#### [DATA EXCERPTS]
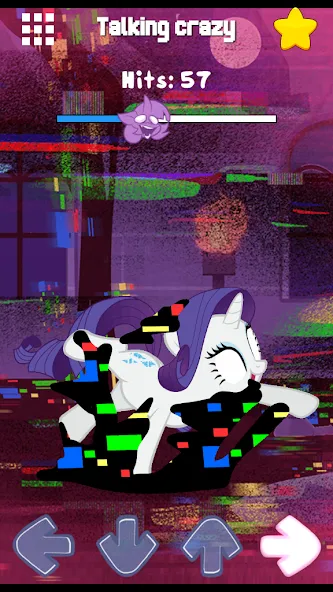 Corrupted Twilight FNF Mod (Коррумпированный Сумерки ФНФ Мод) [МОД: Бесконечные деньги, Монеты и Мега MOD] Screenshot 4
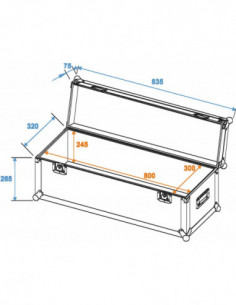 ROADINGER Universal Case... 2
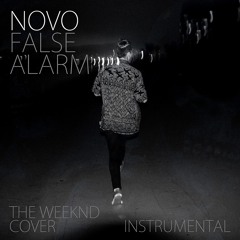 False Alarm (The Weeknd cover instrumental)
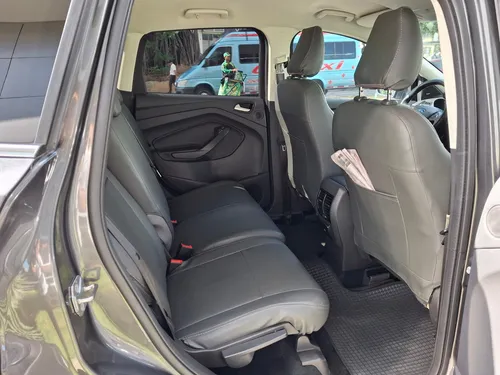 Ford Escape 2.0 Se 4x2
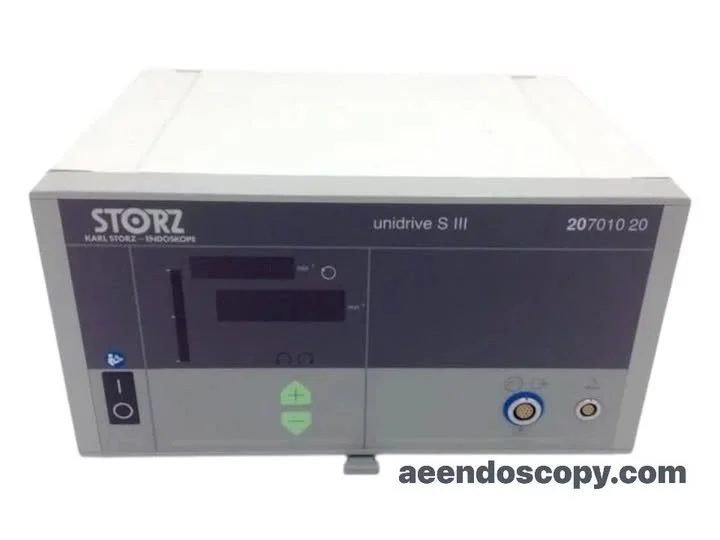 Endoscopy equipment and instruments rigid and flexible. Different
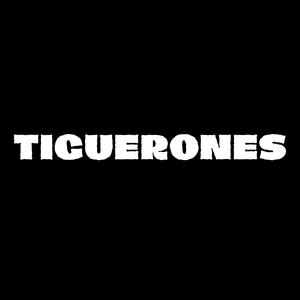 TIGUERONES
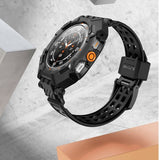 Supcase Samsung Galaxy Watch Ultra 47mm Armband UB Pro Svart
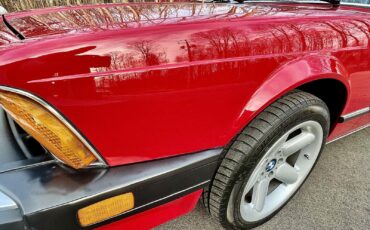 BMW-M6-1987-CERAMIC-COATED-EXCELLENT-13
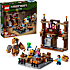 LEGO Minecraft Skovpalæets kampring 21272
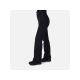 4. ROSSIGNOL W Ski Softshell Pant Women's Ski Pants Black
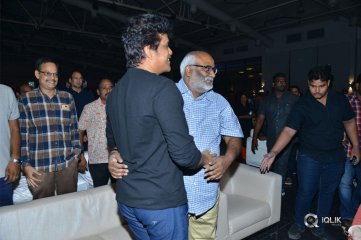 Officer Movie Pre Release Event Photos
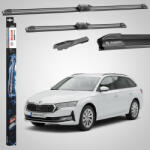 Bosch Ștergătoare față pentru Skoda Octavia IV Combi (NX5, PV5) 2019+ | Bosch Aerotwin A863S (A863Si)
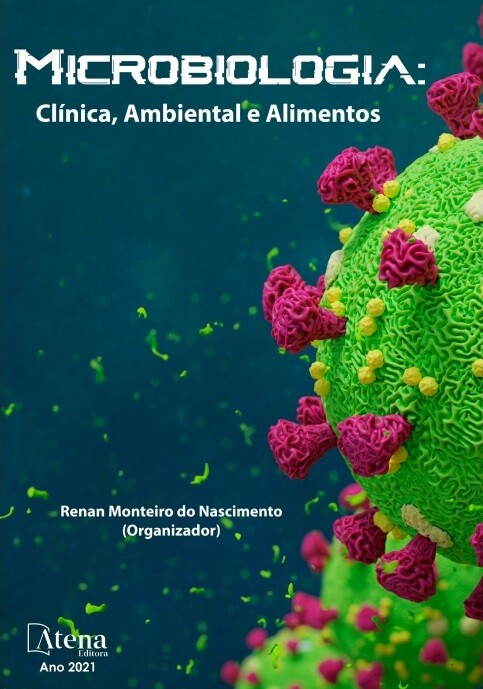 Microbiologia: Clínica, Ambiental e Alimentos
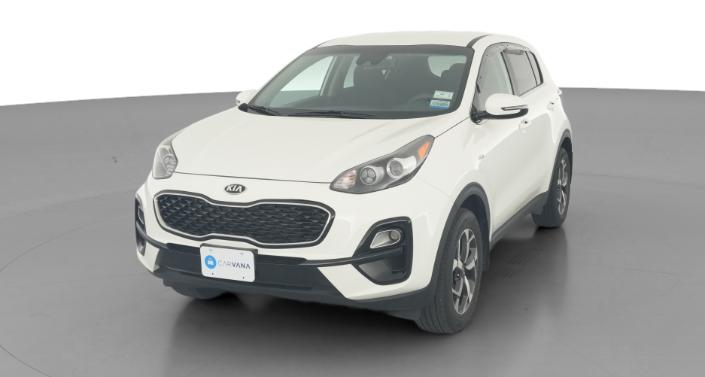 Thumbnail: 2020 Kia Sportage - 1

==

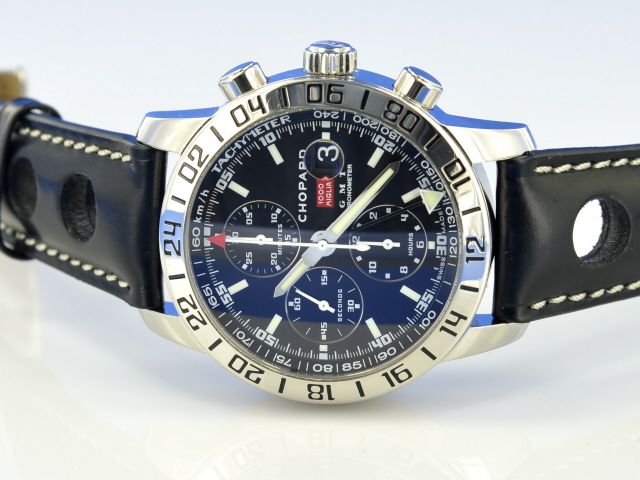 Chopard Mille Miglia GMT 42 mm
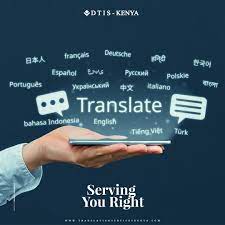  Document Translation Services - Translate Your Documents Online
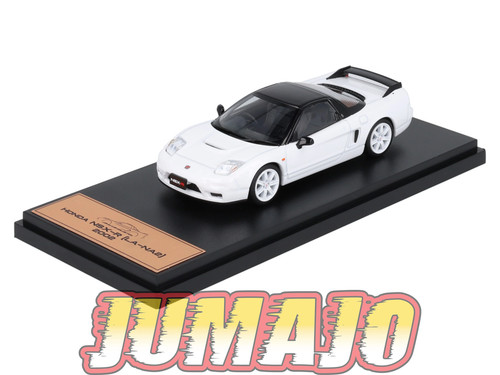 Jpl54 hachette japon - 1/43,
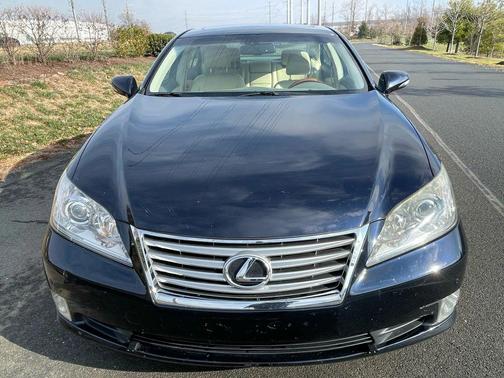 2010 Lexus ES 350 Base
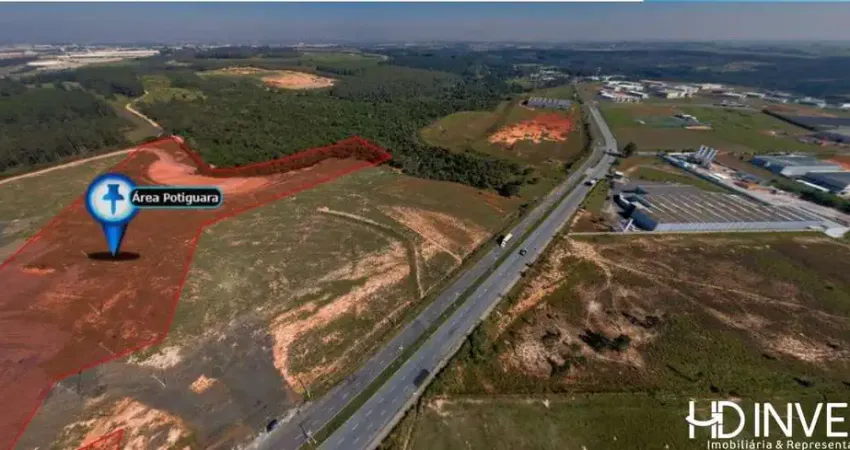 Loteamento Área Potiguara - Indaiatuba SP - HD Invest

==

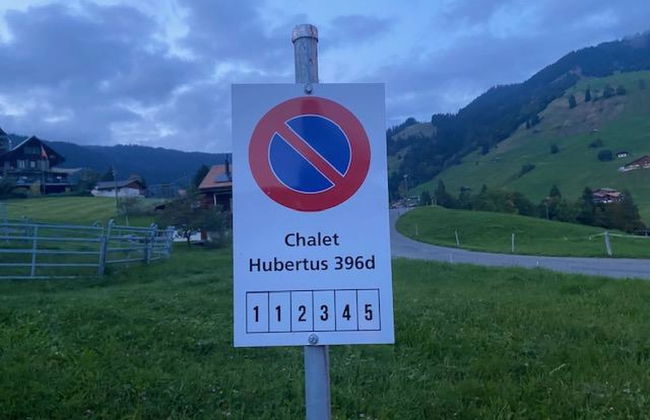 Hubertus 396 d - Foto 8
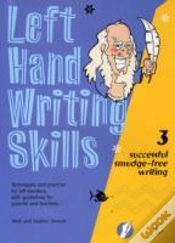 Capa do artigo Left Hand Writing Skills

#### [PROBLEM TO SOLVE]
In the listing above, find the line with "Ford Escape 2.0 Se 4x2" and output every line through the one with "Thumbnail: 2020 Kia Sportage - 1", exactly, without the pictures.

#### [RESPONSE FOR THIS EXERCISE]
 Ford Escape 2.0 Se 4x2
 Endoscopy equipment and instruments rigid and flexible. Different
 TIGUERONES
 Supcase Samsung Galaxy Watch Ultra 47mm Armband UB Pro Svart
 BMW-M6-1987-CERAMIC-COATED-EXCELLENT-13
 LEGO Minecraft Skovpalæets kampring 21272
 4. ROSSIGNOL W Ski Softshell Pant Women's Ski Pants Black
 Officer Movie Pre Release Event Photos
 Bosch Ștergătoare față pentru Skoda Octavia IV Combi (NX5, PV5) 2019+ | Bosch Aerotwin A863S (A863Si)
 Microbiologia: Clínica, Ambiental e Alimentos
 Thumbnail: 2020 Kia Sportage - 1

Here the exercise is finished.